China To Relax One-Child Policy For Some Families
“China will ease family planning restrictions nationwide, the government said on Friday, allowing millions of families to have two children in the country’s most significant liberalization of its strict one-child policy in about three decades,” Reuters reports (Sui-Lee/Li, 11/15). “The new change says that if either parent is an only child, the couple may have a second child,” according to the Washington Post’s “WorldViews” blog, which lists current exceptions to the rule (Fisher, 11/16). “Previously, the one-child policy allowed couples where both parents were only children to have a second child,” Al Jazeera America notes (Hayoun, 11/15).
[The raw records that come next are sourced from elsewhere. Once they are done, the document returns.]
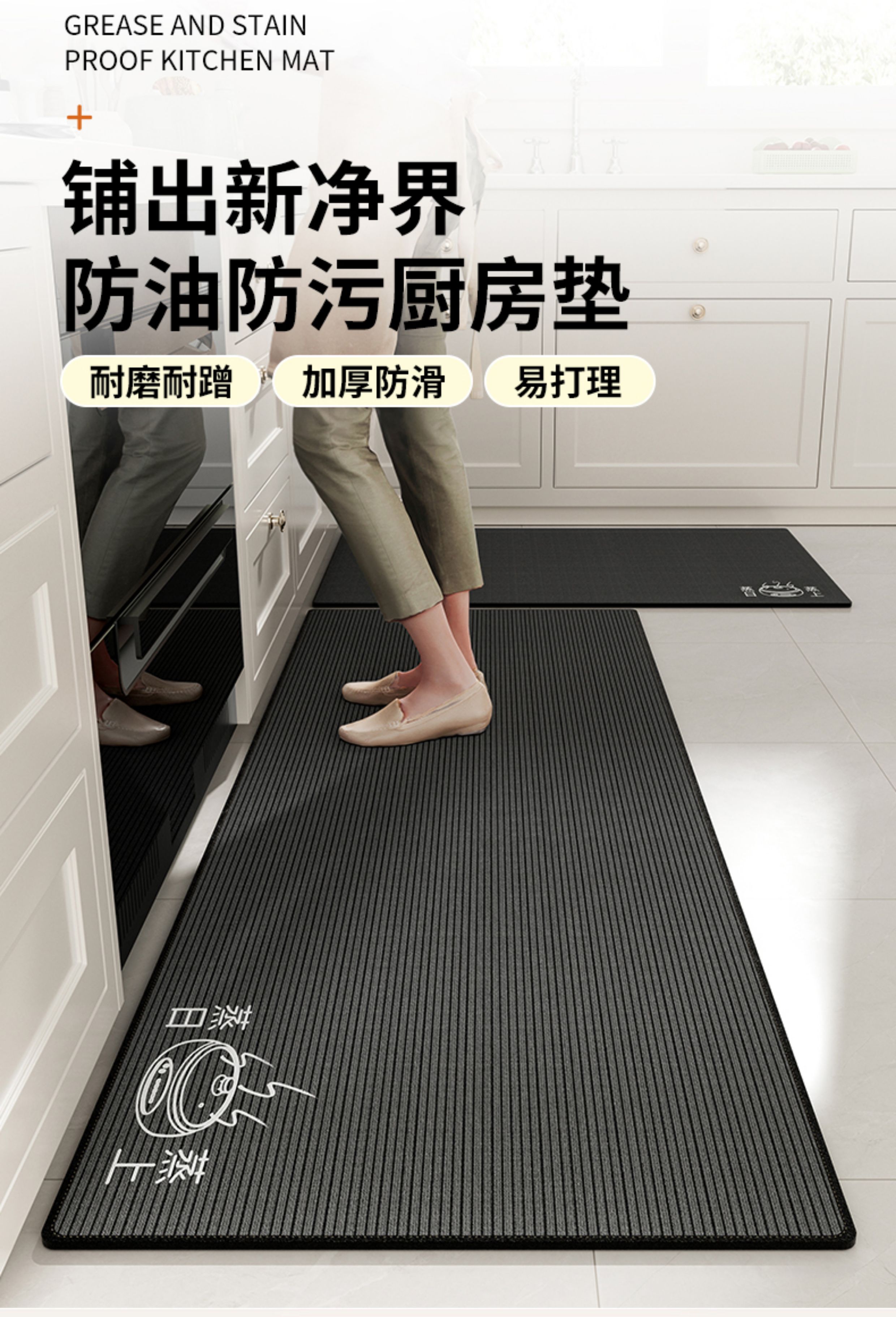 キッチン専用マット 吸油吸水で汚れ防止 滑り止め付きの便利アイテム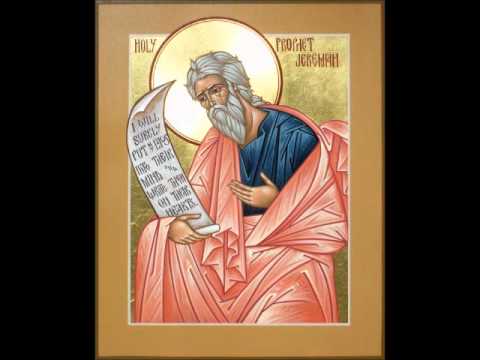 Lamentations of Jeremiah English- Coptic Orthodox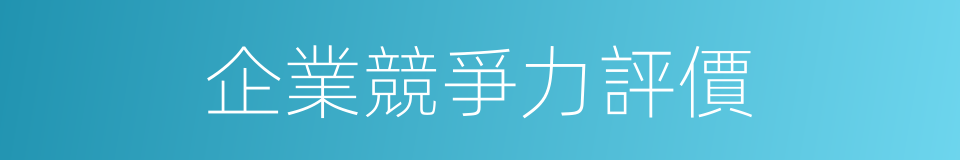 企業競爭力評價的同義詞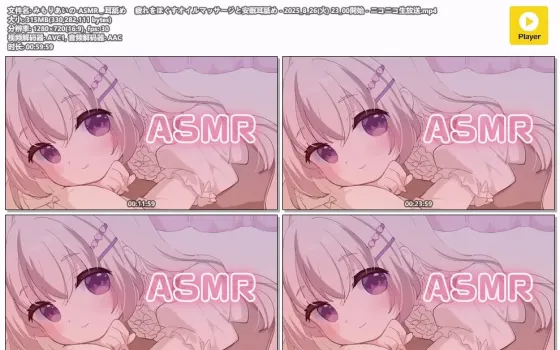 三森愛乃 ASMR | 耳舐め+油按摩 疲劳缓解 安眠助眠【ニコニコ生放送】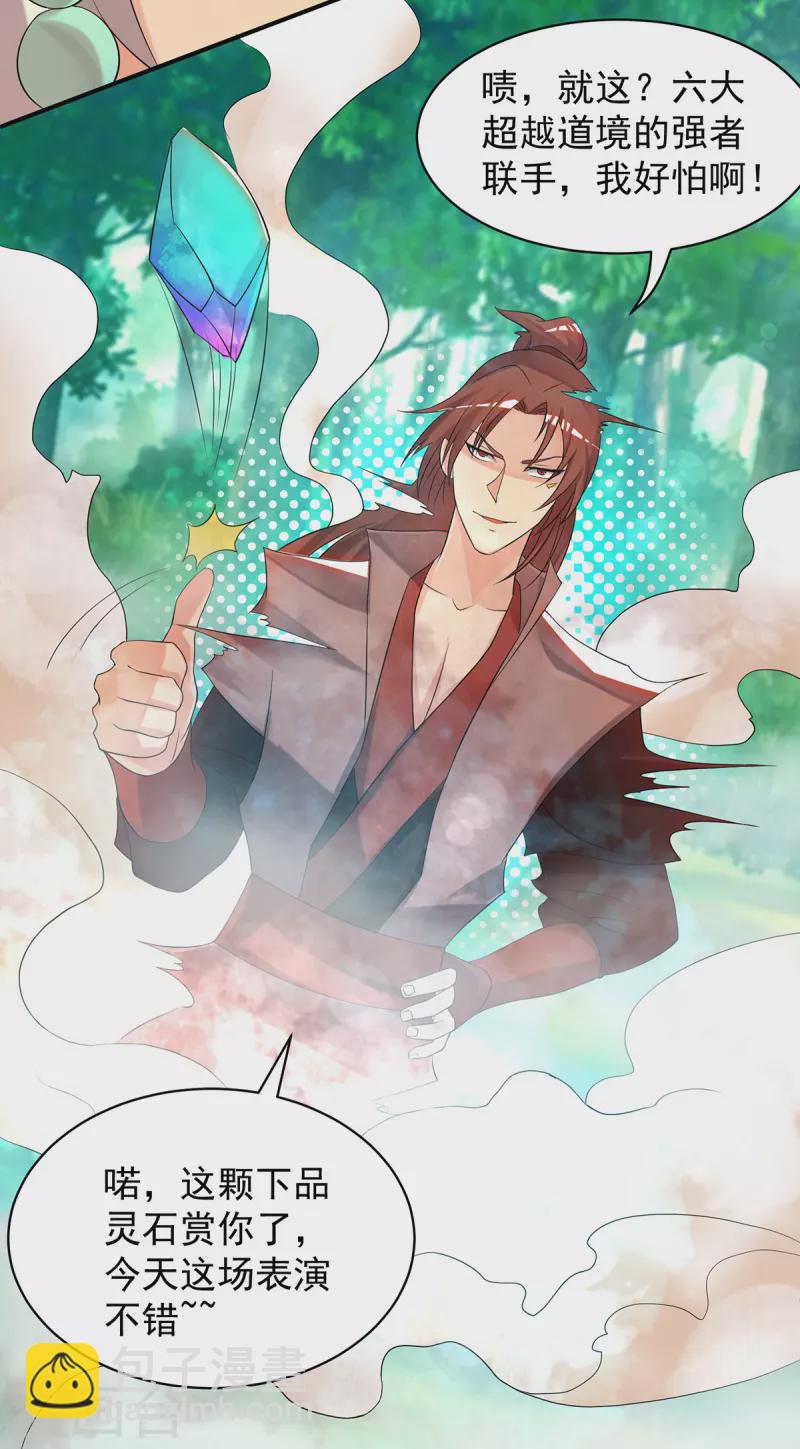 第50话 你个流氓！！-第54话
The new policy was “announced Friday as part of a blueprint for economic and social reforms drawn up by the Communist Party leadership,” the Wall Street Journal reports (Burkitt, 11/17). “The plan … won’t trigger a surge in births in the short term as relatively few couples fulfill the criterion, Wang Peian, deputy director of the National Health and Family Planning Commission, said in a statement on the government website [Saturday],” Bloomberg News writes (11/16).
“The one-child policy, though applauded by many for slowing down China’s population growth, has been widely criticized for resulting in forced abortions and hefty fines that are sometimes used to enforce it,” CNN reports (Castillo, 11/16). According to the New York Times, “The Chinese government’s decision to relax a decades-old one-child limit on couples has already encountered two problems likely to test dozens of social and economic changes promised by President Xi Jinping — vagaries about implementation and magnified public expectations of even bigger changes ahead” (Buckley/Zuo, 11/17). However, “China is not considering a broad relaxation of its strict one-child policy despite an easing of existing rules since it would be too disruptive, the health ministry said on Saturday,” Reuters reports in a separate article (Blanchard, 11/15).